*** Opening of WORKING DATA ***
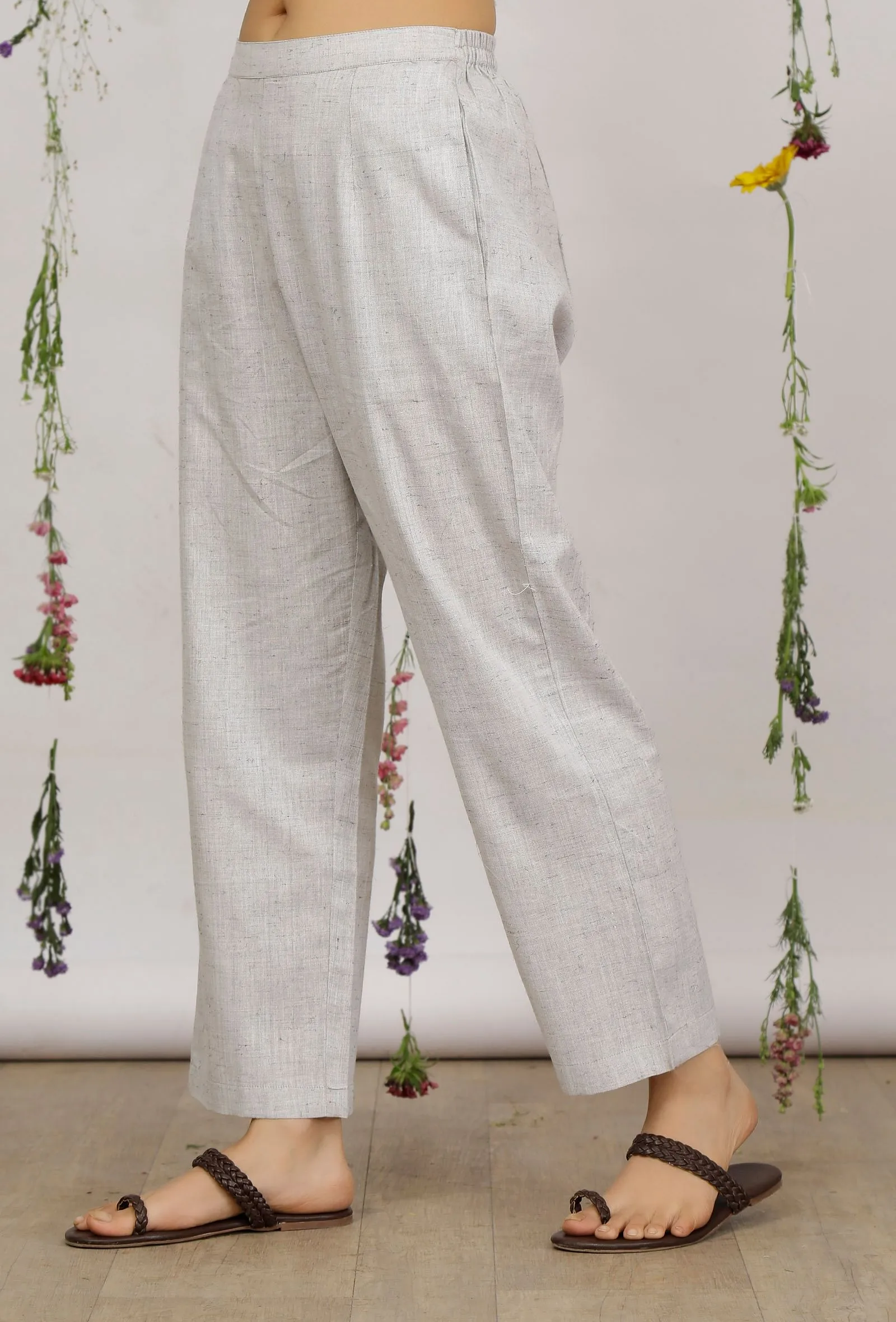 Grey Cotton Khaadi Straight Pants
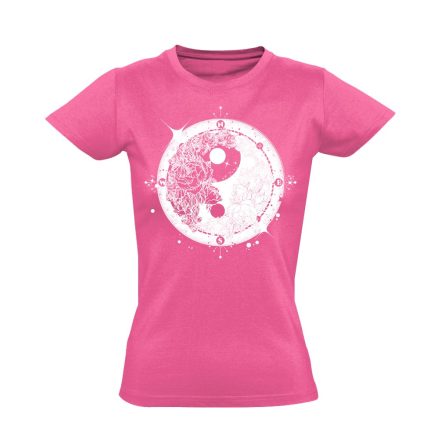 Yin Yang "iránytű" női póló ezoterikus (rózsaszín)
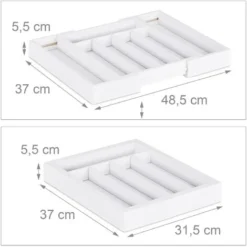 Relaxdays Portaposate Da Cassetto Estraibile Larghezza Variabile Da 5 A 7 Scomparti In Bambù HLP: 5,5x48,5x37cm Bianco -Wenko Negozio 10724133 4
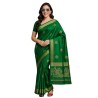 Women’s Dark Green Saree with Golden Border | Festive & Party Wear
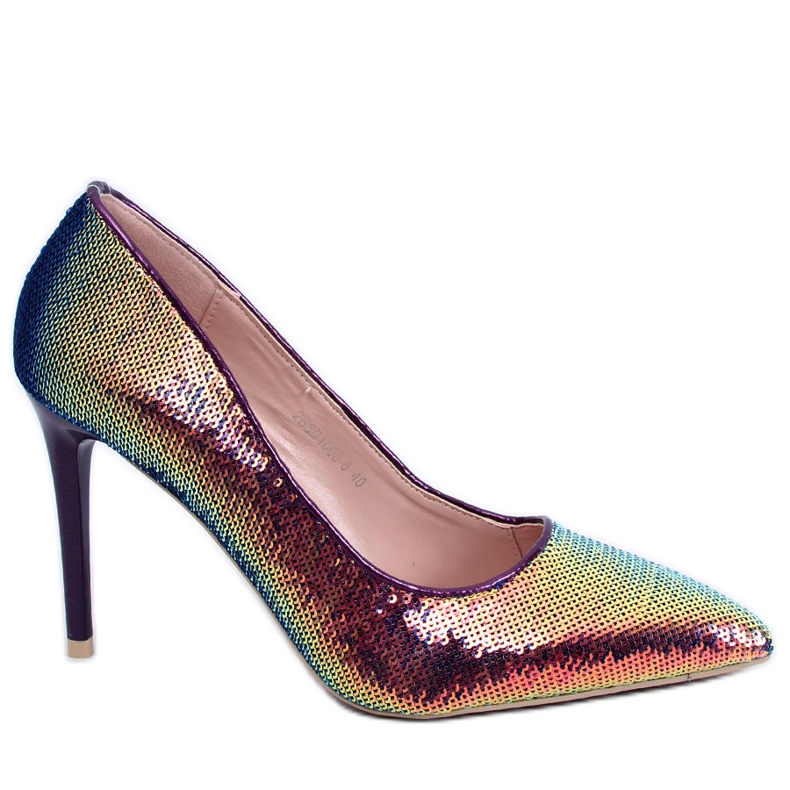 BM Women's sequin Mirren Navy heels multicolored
*** Close of WORKING DATA ***
*** Opening of WORKING DATA ***
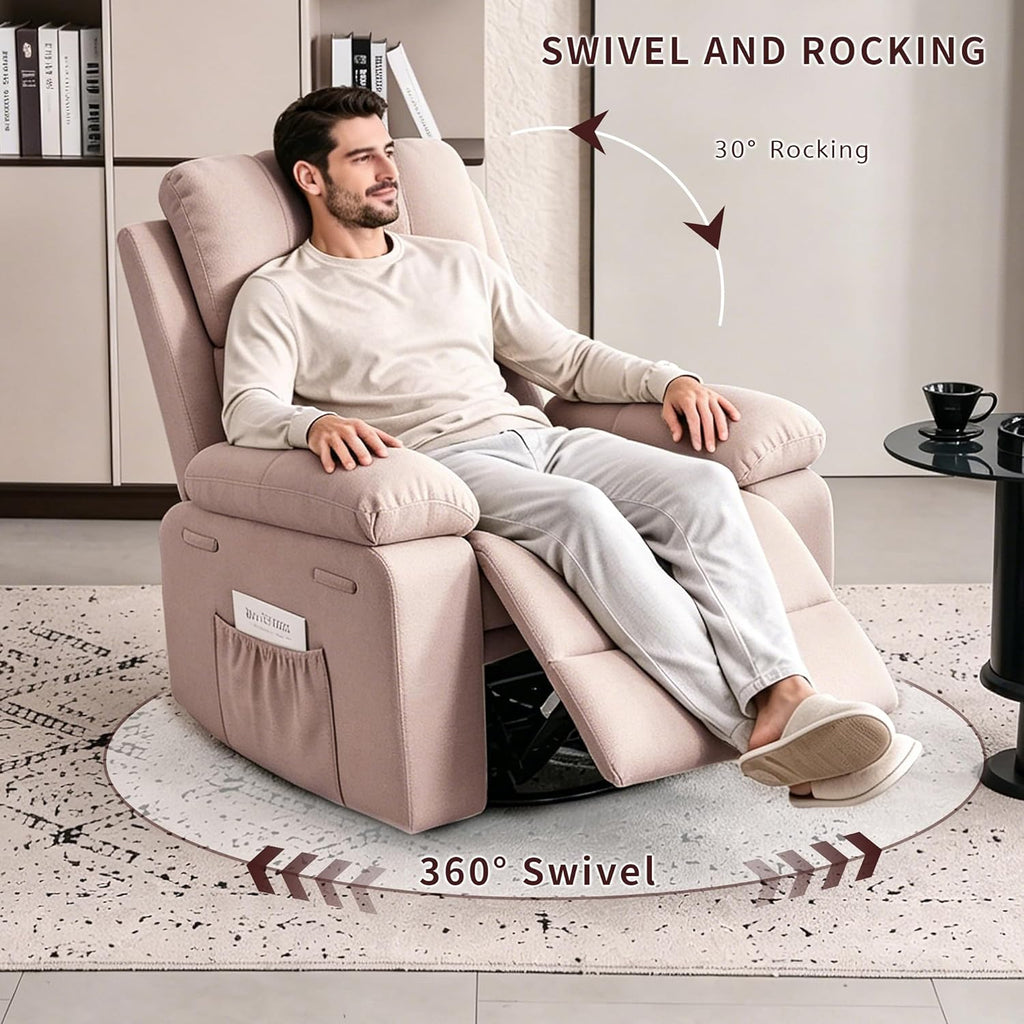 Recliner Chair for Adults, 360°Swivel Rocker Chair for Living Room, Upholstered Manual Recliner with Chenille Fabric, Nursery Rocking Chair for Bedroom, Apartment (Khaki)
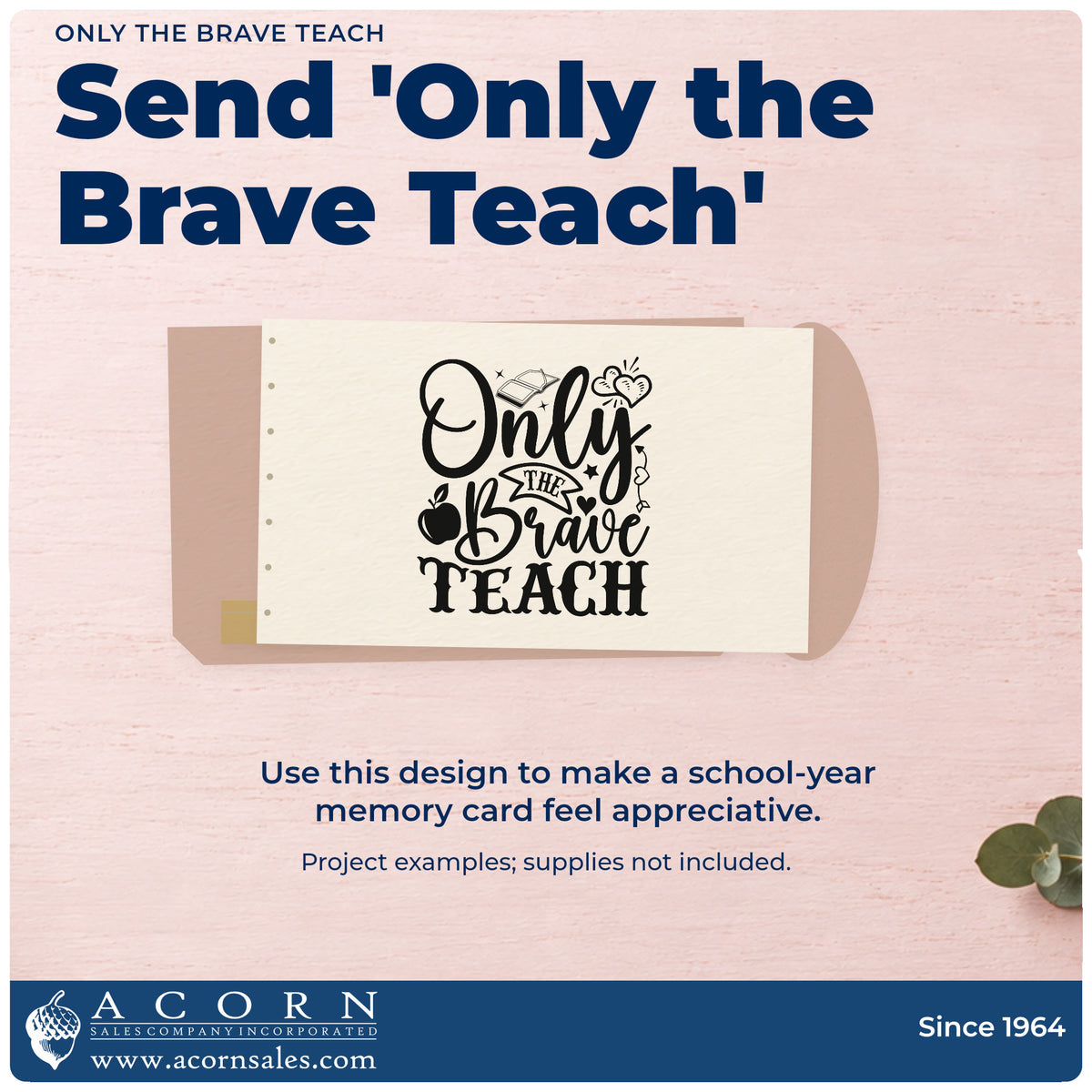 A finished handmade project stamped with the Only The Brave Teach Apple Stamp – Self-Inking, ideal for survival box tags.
*** Close of WORKING DATA ***
*** Opening of WORKING DATA ***
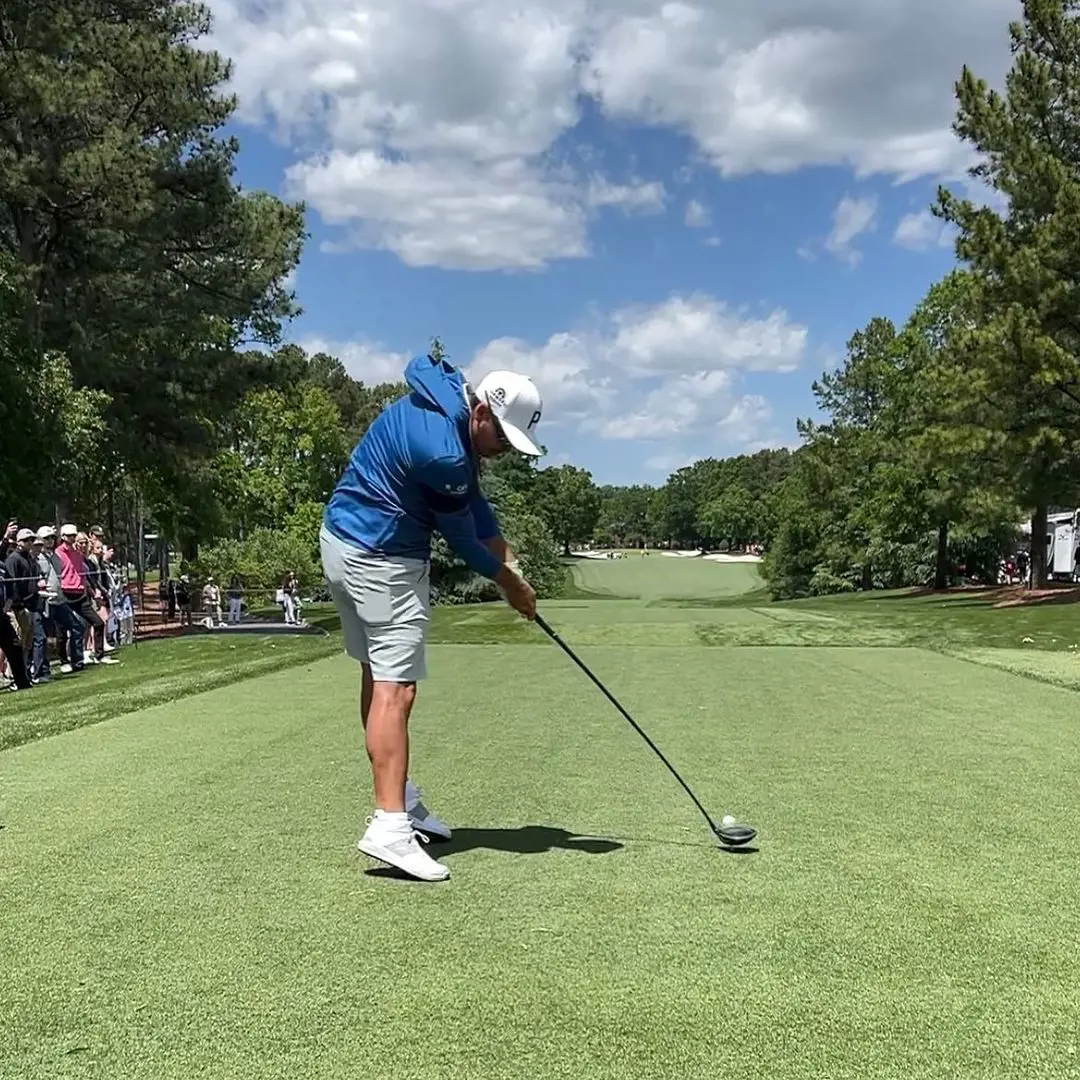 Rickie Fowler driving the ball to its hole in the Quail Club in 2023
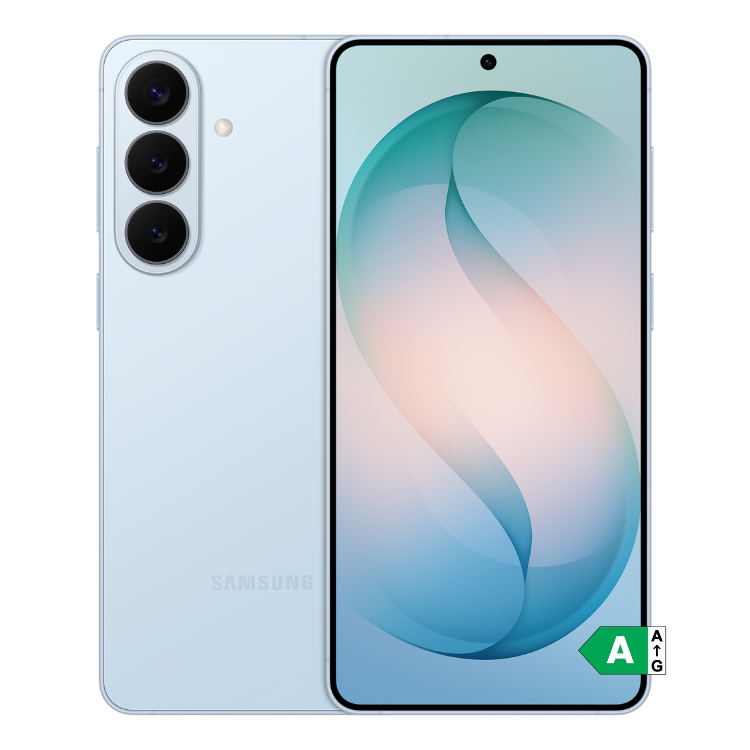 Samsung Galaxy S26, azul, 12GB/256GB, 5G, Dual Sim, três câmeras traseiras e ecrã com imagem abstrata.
*** Close of WORKING DATA ***
TASK ITEM:
Find the line with "Relaxdays Portaposate Da" in the data above, and from there retype each line exactly through the line with "BM Women's sequin", skipping the pictures along the way.

PROBLEM SOLUTION:
 Relaxdays Portaposate Da Cassetto Estraibile Larghezza Variabile Da 5 A 7 Scomparti In Bambù HLP: 5,5x48,5x37cm Bianco -Wenko Negozio 10724133 4
 Women’s Dark Green Saree with Golden Border | Festive & Party Wear
 BM Women's sequin Mirren Navy heels multicolored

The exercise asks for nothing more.